Continuous ambulatory delivery devices (CADD pumps) are made to supply a continuous dose of medication to patients requiring around the clock infusions in cases such as anal carcinoma, colorectal cancer with metastasis in the liver, etc. These devices allow patients to be able to receive their IV medications and not be required to stay in an infusion center or be hospitalized for their infusion. These devices have multiple uses to help decrease patient time burden and also healthcare work burdens. CADD pumps require the patient to carry the electric pump as well as the IV fluid bag, preferably in a self-containing bag. These pumps allow healthcare personnel to program dosing schedules, such as scheduled bolus, tapering boluses, etc. Elastomeric pumps deliver a low steady dose of medication until it is empty. This article will discuss how these pumps are used, and their benefits and risks [1].

 

Smith Medical makes a CADD pump that has multiple uses. It can deliver medicine in low bolus doses, like those used in patient controlled analgesia (PCA) systems, or larger continuous dosing. It also has settings for intermediate bolus delivery dosing, where it can be programmed to give scheduled large doses on a schedule. Other programming steps allow for step therapy, where dosing is increased until a certain amount and then decreases or a variation of step therapy via tapering up and tapering down a dose. These pumps do not have fluid restrictions on what they require in their IV fluid bag. The electronic pump has two connections, one that attaches to the patient’s IV catheter and one that connects to the IV bag. The pump itself has a few safety mechanisms built into its programming to allow patient safety, such as air bubble warnings or battery detachment. This pump when in its PCA mode doses by milligrams per milliliter and milliliters per hour. It is always important to verify the pump settings, and also how the medication is being delivered [1].

 

Making and Using Electronic Pumps

When making the IV bag for your patients, you should always follow your sterile compounding and chemotherapy protocols. While doing so compound your IV fluid bags as needed to hold the sufficient amount of drug for the whole infusion. Once compounded and ready for delivery, verify that the pump is set for continuous infusion for the correct flow rate to reach the total time required for infusion. Under the continuous infusion settings it can be changed to 0.1 mL/h to 500 mL/h in 0.1 mL/h increments. It has a delay setting of delivering 0.1 mL/h to 10 mL/h. Again verify that the calculation is correct that allows sufficient fluid and drug concentration for the whole infusion time.

 

Here is an example: A patient comes to receive their IV bag of fluorouracil. They are dosed at 1,000 mg/m2/day for a continuous day 1-4 of a 3 week cycle. Previous calculations showed the patient has a BSA of 1.40 m2. The patient will need to receive 1,400 mg daily over a continuous infusion daily for 4 days. The patient will need to have an IV bag with 5,600 mg in an IV bag. The compounded IV bag will be 500 mL containing the 5,600 mg.This concentration is 11.2 mg/mL. This means that the patient will need to receive 125 mL over 24 h. This comes out to the patient receiving 5.2 mL/h.
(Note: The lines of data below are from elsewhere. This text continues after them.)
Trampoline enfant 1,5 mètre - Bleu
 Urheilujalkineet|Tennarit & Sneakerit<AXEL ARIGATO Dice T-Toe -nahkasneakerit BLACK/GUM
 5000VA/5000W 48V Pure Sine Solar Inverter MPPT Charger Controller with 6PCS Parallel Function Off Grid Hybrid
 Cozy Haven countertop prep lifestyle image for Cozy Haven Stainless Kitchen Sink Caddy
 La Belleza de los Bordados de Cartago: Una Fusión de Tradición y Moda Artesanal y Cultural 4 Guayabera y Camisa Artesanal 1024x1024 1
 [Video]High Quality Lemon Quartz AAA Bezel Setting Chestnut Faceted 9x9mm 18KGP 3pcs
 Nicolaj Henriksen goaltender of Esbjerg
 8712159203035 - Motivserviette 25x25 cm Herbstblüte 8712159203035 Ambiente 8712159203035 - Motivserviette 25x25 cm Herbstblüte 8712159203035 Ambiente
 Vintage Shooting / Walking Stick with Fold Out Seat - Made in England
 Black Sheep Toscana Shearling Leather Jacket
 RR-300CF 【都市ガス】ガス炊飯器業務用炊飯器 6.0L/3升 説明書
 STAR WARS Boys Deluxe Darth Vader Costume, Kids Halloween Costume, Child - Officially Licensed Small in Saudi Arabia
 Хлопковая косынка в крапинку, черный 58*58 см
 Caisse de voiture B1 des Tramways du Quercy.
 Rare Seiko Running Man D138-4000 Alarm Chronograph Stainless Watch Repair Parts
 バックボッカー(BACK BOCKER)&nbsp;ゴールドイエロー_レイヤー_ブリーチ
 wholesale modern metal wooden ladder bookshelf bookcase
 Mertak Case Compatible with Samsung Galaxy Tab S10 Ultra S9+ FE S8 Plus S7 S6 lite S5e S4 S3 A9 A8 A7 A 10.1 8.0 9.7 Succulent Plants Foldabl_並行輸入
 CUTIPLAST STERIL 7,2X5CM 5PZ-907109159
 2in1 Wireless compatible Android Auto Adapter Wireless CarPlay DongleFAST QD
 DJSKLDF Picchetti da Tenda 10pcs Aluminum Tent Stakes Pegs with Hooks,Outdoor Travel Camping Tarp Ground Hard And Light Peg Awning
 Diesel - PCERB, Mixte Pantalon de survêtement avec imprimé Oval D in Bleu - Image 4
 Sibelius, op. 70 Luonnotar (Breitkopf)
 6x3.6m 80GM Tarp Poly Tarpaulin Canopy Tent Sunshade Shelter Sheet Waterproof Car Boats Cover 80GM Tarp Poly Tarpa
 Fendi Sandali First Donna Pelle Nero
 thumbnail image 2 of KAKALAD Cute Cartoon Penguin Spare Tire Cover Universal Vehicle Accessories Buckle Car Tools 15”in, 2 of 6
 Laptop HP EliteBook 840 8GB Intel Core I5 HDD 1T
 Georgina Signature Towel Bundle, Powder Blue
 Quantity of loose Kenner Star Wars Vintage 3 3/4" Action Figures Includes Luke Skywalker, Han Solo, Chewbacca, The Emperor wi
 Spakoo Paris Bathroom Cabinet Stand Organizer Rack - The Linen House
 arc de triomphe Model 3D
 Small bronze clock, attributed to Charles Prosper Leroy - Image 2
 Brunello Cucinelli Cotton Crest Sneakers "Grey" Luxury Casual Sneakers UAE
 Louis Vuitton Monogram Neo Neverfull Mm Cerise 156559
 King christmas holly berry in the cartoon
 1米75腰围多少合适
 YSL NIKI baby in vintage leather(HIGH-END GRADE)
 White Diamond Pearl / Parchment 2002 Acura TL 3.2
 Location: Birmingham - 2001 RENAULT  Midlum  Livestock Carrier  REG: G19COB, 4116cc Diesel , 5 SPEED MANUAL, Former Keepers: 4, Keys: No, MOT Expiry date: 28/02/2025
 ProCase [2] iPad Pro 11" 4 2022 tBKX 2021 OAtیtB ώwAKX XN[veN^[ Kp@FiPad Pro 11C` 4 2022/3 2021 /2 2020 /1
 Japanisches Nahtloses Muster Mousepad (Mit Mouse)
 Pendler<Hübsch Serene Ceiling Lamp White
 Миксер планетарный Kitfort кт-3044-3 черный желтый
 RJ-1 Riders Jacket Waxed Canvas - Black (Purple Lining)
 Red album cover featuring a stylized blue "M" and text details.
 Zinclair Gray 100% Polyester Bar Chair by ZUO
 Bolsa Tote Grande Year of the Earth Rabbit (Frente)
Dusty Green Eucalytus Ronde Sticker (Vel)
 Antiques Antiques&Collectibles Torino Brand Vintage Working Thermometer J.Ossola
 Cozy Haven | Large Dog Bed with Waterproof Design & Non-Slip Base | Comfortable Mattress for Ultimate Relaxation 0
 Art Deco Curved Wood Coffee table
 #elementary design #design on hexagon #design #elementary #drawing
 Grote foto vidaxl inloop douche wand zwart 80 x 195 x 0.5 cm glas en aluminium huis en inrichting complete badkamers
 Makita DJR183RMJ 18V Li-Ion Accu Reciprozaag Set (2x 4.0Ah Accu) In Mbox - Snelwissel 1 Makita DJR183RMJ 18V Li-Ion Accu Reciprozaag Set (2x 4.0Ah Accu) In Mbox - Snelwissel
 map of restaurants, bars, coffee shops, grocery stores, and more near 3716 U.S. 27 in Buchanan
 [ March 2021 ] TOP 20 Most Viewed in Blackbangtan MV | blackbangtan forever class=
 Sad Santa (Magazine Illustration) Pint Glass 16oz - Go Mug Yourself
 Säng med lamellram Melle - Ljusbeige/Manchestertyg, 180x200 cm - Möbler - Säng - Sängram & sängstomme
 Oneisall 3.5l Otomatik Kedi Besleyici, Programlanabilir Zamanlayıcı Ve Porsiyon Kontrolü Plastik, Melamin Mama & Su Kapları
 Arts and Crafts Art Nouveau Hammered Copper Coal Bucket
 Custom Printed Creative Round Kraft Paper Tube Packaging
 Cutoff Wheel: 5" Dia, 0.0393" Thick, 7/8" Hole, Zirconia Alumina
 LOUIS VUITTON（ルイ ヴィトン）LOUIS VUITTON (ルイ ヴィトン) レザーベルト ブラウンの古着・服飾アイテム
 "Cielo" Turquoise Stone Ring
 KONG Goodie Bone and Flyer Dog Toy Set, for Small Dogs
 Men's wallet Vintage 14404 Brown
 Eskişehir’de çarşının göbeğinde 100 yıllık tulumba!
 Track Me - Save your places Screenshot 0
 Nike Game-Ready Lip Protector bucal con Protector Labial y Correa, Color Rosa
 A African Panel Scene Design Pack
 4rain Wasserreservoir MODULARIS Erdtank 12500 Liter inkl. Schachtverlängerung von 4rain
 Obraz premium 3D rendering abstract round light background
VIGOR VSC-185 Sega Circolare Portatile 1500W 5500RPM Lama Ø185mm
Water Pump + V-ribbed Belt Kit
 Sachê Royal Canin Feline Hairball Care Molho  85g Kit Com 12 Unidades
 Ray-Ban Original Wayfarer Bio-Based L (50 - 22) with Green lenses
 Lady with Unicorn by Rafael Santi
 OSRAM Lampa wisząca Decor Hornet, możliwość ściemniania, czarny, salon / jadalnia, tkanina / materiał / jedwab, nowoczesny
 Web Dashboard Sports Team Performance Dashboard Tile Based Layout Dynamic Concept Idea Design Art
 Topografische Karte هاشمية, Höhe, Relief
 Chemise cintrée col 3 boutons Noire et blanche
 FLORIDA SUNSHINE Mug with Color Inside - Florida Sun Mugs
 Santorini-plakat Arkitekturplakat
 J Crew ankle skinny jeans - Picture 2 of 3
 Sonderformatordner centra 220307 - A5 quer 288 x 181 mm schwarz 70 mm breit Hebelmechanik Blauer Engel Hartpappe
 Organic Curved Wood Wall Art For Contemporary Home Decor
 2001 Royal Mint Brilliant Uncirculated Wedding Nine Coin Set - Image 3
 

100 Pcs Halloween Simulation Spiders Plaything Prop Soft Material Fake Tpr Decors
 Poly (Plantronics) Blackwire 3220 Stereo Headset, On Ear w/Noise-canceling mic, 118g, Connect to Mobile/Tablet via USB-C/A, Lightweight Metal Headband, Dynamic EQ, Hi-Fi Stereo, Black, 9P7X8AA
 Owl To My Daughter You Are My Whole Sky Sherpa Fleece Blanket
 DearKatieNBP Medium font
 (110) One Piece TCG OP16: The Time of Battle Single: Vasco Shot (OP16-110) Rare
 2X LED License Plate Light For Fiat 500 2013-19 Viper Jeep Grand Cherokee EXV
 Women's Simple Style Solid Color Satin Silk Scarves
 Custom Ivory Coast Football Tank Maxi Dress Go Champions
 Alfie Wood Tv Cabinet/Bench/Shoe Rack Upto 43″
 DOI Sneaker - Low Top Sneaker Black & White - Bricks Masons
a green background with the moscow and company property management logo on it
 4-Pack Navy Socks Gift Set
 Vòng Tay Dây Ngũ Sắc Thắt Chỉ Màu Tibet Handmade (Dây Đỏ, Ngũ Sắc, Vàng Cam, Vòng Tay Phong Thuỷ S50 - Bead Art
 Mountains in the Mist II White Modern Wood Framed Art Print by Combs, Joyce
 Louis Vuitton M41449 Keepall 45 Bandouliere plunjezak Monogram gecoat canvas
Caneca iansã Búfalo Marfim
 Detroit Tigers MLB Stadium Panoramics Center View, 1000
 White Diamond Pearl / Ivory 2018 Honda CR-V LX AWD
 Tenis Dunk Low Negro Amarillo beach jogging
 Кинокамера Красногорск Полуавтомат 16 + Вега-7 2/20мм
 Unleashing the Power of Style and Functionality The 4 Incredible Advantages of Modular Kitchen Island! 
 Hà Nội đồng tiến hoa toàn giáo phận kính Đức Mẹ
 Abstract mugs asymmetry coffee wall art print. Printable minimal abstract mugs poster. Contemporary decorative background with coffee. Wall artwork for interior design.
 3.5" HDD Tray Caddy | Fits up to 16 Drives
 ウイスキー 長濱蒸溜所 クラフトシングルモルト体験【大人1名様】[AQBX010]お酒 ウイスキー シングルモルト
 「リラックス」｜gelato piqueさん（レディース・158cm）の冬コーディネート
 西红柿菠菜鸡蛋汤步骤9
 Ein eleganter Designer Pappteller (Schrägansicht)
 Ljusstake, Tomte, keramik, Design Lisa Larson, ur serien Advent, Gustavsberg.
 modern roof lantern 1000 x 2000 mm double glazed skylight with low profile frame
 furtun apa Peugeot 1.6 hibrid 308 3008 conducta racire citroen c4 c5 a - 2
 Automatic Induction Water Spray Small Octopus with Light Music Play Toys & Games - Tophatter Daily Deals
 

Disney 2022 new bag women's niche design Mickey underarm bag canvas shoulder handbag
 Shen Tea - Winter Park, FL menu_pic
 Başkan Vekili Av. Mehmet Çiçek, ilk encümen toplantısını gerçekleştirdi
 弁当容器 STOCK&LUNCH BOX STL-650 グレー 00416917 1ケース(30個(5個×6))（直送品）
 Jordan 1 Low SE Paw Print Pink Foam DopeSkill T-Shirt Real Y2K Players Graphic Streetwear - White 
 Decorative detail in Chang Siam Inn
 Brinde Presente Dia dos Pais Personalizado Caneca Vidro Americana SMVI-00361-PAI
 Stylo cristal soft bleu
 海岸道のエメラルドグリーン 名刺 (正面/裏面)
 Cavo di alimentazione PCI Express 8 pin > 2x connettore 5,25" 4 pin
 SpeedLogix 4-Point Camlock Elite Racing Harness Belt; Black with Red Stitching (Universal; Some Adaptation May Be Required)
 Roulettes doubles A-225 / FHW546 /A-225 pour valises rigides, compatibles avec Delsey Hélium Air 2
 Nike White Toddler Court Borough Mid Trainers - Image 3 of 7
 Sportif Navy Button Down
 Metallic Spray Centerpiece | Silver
1,000 mg/m2/day * 1.4 m2=1,400 mg/day

1,400 mg/day * 4 days=5,600 mg

Compounded into a 500 mL IV bag. Final concentration 5,600 mg/500 mL=11.2 mg/mL

1,400 mg/day divided by 1 mL/11.2 mg=125 mL/24 h=5.2083 mL/h rounded to the nearest 0.1

Once infusion time and concentrations are correct and set in the machine, both the pump and the fluid bag should be secured into its carrying case where it will not kink any tubing and be protected from any environmental factors. Your nursing team is an immense help to you if you are not familiar with using the pumps [1].

Elastomeric Pumps

Baxter International makes two different nonelectronic elastomeric pumps that can be used for a short time, up to 5 h or long intervals, up to 7 days. It is important to use the right pump for the occasion as there are two type of pumps; infusors and intermates. Both pumps work the same but have different indications and length of treatment times. Elastomeric pump infusors have long infusion times and are designed for ambulatory infusion of IV chemotherapy, pain management and chelation therapies. Elastomeric pump intermates are used for antibiotic/antiviral infusions. These elastomeric pumps work differently than in-patient infusions that require an electronic machine pump that controls flow rates. They work by slowly “deflating” a medication-filled balloon directly into the IV line. There are different sized bags that allow for different infusion times and different flow rates. Using the correct bag and solution decreases the need for patients returning to infusion centers and also adverse events, such as medication overdosing. Infusors and intermate pumps should never be re-used but properly disposed.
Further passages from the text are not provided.